Der niederländische Vizepräsident der Kommission, Frans Timmermans, ließ dazu Folgendes erklären: „Die Zivilgesellschaft ist das Gerüst unserer demokratischen Gesellschaften. Deshalb darf sie in ihrem Wirken nicht über Gebühr eingeschränkt werden. Wir haben das neue Gesetz über nichtstaatliche Organisationen gründlich geprüft und sind zum Schluss gekommen, dass es nicht im Einklang mit dem EU-Recht steht.“ Dieses neue Gesetz wurde am 13. Juni beschlossen und schreibt vor, dass Nichtregierungsgruppen, die jährlich mehr als 7,2 Millionen Forint (rund 24.000 Euro) an Spenden aus dem Ausland erhalten, sich mit dem Vermerk „vom Ausland unterstützte Organisation“ registrieren lassen. Diesen Vermerk müssen sie in allen Veröffentlichungen, auf ihren Websites und in ihrem Pressematerial führen.

Außerdem dürfen künftig Staatsorgane die Höhe der Überweisungen und detaillierte Angaben über die Geldgeber veröffentlichen. Die Kommission ist der Ansicht, dass dieses Gesetz gegen das Recht auf Vereinigungsfreiheit, das Recht auf Achtung des Privatlebens sowie des Schutzes personenbezogener Daten verstoße und den freien Kapitalverkehr beschränke.

Die Central European University (CEU), die vom ungarisch-amerikanischen Hedgefonds-Milliardär und Philantropen George Soros gegründet wurde, wird von Orbán mittels einer am 4. April in Kraft getretenen Novelle des Hochschulgesetzes schikaniert. Sie sieht unter anderem vor, dass die CEU auch in den USA einen Hochschulcampus eröffnen müsste, und zwar bis spätestens 1. Jänner 2018. Da sie allerdings gezielt als Hochschule für Mitteleuropa gedacht ist, wäre das eine finanzielle und organisatorische Schikane höchsten Grades. Die Kommission sieht in diesem Fall durch Ungarn den freien Dienstleistungsverkehr, die Niederlassungsfreiheit, das Recht auf akademische Freiheit, das Recht auf Bildung sowie die unternehmerische Freiheit verletzt.

Feindbild Soros

Der in Budapest geborene, dem Judenmord durch die Nazis und ihre ungarischen Verbündeten im Zweiten Weltkrieg nur knapp entkommene George Soros ist Orbán seit einiger Zeit ein Dorn im Auge.

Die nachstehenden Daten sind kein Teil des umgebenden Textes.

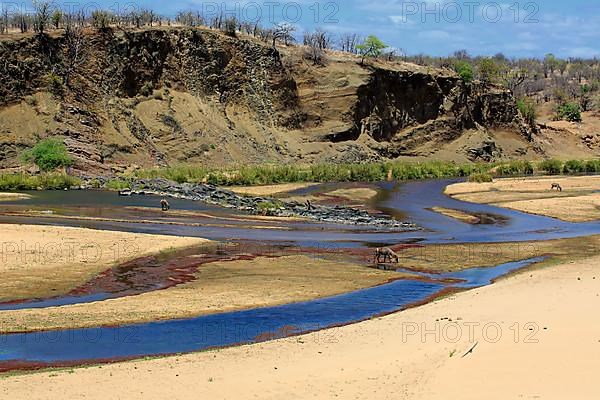 Letaba River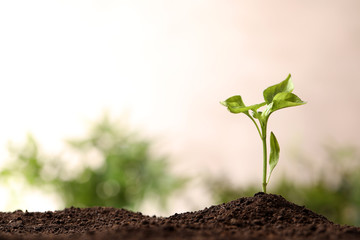 Young seedling in soil on blurred background, space for text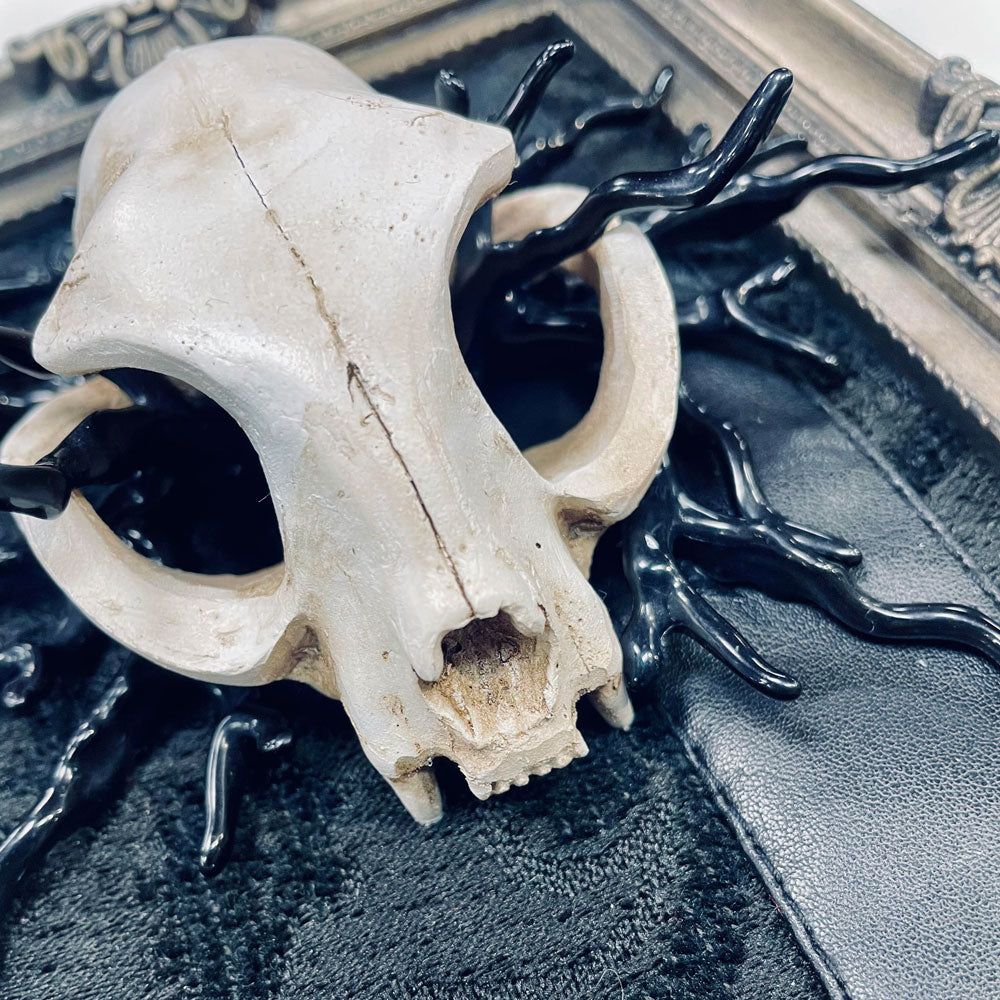Anarchic Reminiscent Cat Skull Faux Curiosity Frame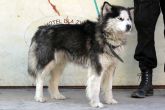 21.02.2014 MOGILNO SUKA 49706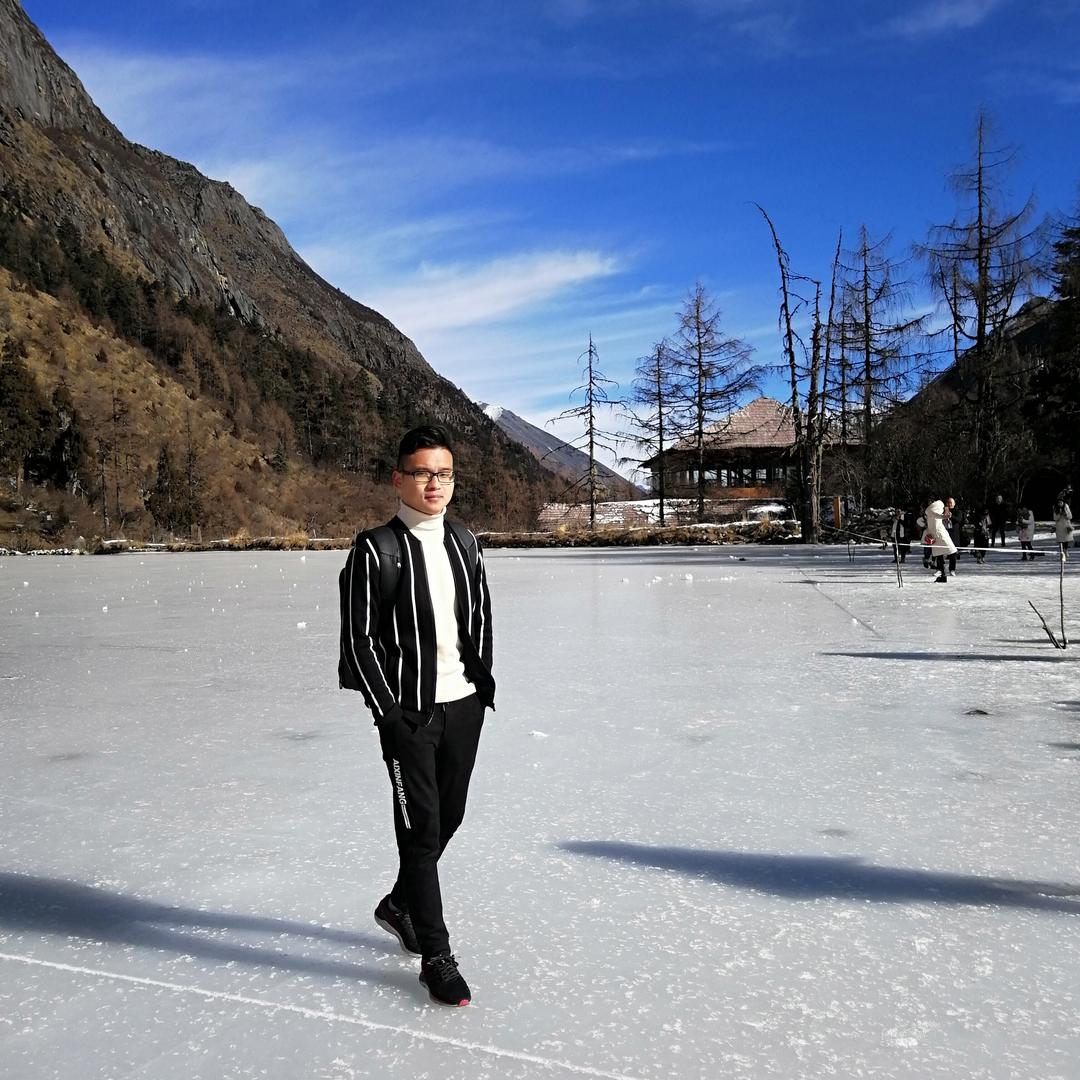 陈三皮是真的皮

Orbán verbreitete jüngst im Staatsfunk die Behauptung, Soros stecke hinter einer Verschwörung, die Millionen von muslimischen Einwanderern nach Europa bringen wolle. Auf Plakaten der Regierung werden die Ungarn aufgefordert, dafür zu sorgen, dass dass Soros „nicht als Letzter lacht“.